◆ Problem to solve
Print each record that follows exactly, leaving the pictures behind.

◆ Records
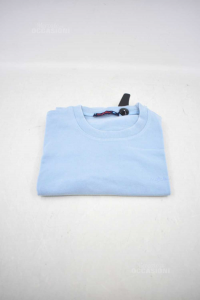 T-shirt Boy Byblos 6-8 Years Light Blue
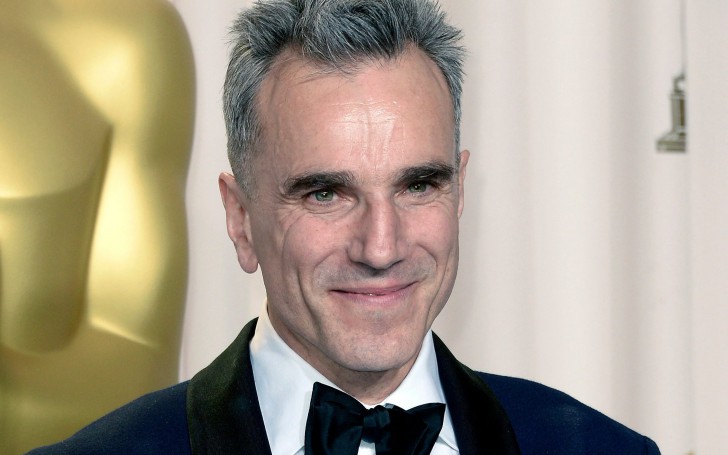 Daniel Day-Lewis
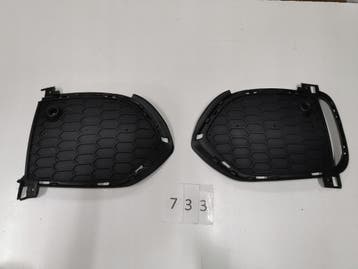 Kratka zderzaka BMW X5 F15 M-Pakiet rechts en links, Verzenden, Gebruikt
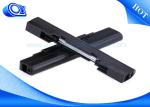 Fiber Optic Connector Types/ Black Fiber Optic Fast Connector / Fiber Cold Sub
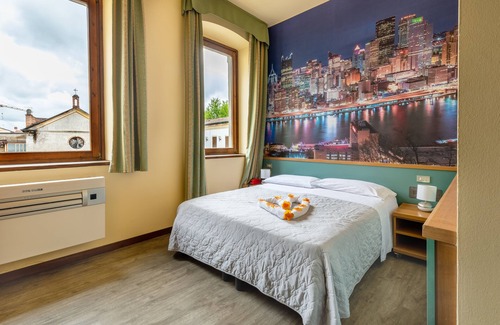 San Giovanni Lupatoto Hotel | Hotel City Verona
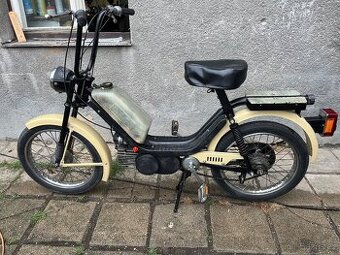 babetta 210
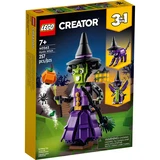 LEGO® Creator Mystic Witch 40562 (1/3) LEGO® Creator Mystic Witch 40562 (1/3)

◆ Result of the task
 T-shirt Boy Byblos 6-8 Years Light Blue
 Daniel Day-Lewis
 Kratka zderzaka BMW X5 F15 M-Pakiet rechts en links, Verzenden, Gebruikt
 Fiber Optic Connector Types/ Black Fiber Optic Fast Connector / Fiber Cold Sub
 San Giovanni Lupatoto Hotel | Hotel City Verona
 babetta 210
 LEGO® Creator Mystic Witch 40562 (1/3) LEGO® Creator Mystic Witch 40562 (1/3)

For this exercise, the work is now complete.